I am creating a codebook for tidycensus variables I am pulling for all ACS5 years from 2009-2020. To make sure or to flag any differences in variables across years, I am trying to put a check column in at the end. However, there seems to be some change in the naming center at 2018, which I'd like to ignore in favor of identifying real problems.

#selecing and recoding variables to pull in
dv_acs = c(
  same1          = "B25002_001", 
  same2       = "B25002_002", 
  diff1       = "C24010_039"

#creating a loop to pull in an join a codebook for all years
out <-  map(2009:2020, ~ {
  nm <- str_c(c("label", "concept"), "_", .x)
  load_variables(.x, "acs5") %>%
    select(-any_of("geography")) %>%
    filter(name %in% dv_acs) %>%
    mutate(id = names(dv_acs), .before = 1) %>%
    rename_with(~ nm, c("label", "concept"))
}) %>%

#putting in checks
out <- out %>% 
  rowwise %>% 
  mutate(label_flag = n_distinct(unlist(across(starts_with('label'), 
                                               ~ as.character(.x)))) == 1) %>%

Okay, from above, the first two variables (same1, same2), would get a TRUE value in the label_flag column if it worked how I want it to, but because there's a ":" introduced into the string in later years, it comes up false.
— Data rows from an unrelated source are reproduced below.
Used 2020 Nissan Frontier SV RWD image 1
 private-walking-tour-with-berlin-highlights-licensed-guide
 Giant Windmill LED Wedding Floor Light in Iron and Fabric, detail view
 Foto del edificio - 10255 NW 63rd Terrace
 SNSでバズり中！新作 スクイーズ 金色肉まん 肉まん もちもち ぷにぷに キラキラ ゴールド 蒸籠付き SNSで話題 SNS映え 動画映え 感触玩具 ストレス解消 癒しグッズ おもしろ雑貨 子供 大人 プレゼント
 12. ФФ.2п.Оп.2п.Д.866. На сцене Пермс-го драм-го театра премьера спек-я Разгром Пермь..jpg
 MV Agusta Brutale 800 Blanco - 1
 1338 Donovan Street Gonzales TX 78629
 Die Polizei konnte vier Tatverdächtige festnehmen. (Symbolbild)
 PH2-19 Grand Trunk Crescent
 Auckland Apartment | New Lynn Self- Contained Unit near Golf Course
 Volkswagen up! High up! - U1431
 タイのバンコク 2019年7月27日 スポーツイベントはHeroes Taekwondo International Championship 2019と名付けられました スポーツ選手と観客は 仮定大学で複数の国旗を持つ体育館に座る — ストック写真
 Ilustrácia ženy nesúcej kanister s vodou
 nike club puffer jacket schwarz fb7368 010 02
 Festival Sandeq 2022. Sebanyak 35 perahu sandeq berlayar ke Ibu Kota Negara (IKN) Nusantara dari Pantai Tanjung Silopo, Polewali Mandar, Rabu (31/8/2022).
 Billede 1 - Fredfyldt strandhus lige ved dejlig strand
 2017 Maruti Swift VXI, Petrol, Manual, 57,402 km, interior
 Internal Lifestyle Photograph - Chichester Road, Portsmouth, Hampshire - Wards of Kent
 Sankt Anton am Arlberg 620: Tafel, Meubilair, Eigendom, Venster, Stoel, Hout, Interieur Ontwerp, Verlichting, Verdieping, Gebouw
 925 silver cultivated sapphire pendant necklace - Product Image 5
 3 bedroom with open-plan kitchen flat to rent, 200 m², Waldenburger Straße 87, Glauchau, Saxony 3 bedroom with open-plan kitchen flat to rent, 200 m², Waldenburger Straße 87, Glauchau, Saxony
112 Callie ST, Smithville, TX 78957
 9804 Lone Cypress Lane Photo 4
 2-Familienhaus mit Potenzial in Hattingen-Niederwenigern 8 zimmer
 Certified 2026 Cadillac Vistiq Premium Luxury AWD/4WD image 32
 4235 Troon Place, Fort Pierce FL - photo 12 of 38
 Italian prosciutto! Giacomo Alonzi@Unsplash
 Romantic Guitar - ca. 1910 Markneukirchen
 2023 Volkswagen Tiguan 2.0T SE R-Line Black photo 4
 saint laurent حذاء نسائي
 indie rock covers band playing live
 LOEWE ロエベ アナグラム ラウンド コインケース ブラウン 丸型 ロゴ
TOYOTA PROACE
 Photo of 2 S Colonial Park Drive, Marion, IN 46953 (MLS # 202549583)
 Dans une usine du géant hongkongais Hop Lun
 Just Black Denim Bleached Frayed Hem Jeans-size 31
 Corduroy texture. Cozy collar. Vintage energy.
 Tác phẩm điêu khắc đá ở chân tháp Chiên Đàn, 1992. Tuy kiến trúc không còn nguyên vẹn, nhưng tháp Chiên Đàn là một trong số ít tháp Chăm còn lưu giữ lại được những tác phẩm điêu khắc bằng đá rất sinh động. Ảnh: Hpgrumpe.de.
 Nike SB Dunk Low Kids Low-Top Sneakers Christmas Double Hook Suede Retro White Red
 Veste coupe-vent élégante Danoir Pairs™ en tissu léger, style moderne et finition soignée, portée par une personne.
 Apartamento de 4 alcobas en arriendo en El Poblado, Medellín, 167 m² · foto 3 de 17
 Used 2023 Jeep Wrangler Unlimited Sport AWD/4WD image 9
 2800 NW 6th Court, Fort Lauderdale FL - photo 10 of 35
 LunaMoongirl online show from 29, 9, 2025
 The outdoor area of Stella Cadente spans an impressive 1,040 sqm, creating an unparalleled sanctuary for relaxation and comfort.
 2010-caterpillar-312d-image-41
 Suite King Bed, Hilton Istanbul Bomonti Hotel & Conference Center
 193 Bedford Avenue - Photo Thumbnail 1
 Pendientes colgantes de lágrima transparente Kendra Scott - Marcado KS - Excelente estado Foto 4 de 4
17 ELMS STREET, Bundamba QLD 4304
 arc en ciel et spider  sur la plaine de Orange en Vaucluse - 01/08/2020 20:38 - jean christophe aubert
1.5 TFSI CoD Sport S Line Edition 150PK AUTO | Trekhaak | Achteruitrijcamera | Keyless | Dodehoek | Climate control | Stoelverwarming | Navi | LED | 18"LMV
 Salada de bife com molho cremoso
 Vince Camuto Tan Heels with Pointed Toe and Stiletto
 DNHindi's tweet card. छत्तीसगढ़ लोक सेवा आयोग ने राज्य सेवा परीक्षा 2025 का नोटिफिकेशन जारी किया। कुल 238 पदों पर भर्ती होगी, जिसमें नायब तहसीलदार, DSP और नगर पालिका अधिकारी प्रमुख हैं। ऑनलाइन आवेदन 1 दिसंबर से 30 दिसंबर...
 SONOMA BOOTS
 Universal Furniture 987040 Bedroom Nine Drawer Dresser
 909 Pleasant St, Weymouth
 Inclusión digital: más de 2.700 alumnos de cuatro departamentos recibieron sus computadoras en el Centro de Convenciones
For comparison, diff1 has a truly different value between the 2009 and later labels (it goes from "Estimate!!Total!Female" to "Estimate!!Total:!!Female:!!Management, business, science, and arts occupations:", this should show up as FALSE in the label_flag column.

I don't know if I should introduce something using grepl or put in a string dist somehow, and would appreciate any solutions ya got.

We may use pmap to loop over the rows of selected columns that starts with 'label', remove all the : and then get the n_distinct to check for only single unique value

out <- out %>%
    mutate(label_flag = pmap_int(across(starts_with('label')),
       ~ n_distinct(str_remove_all(c(...), ":")) == 1))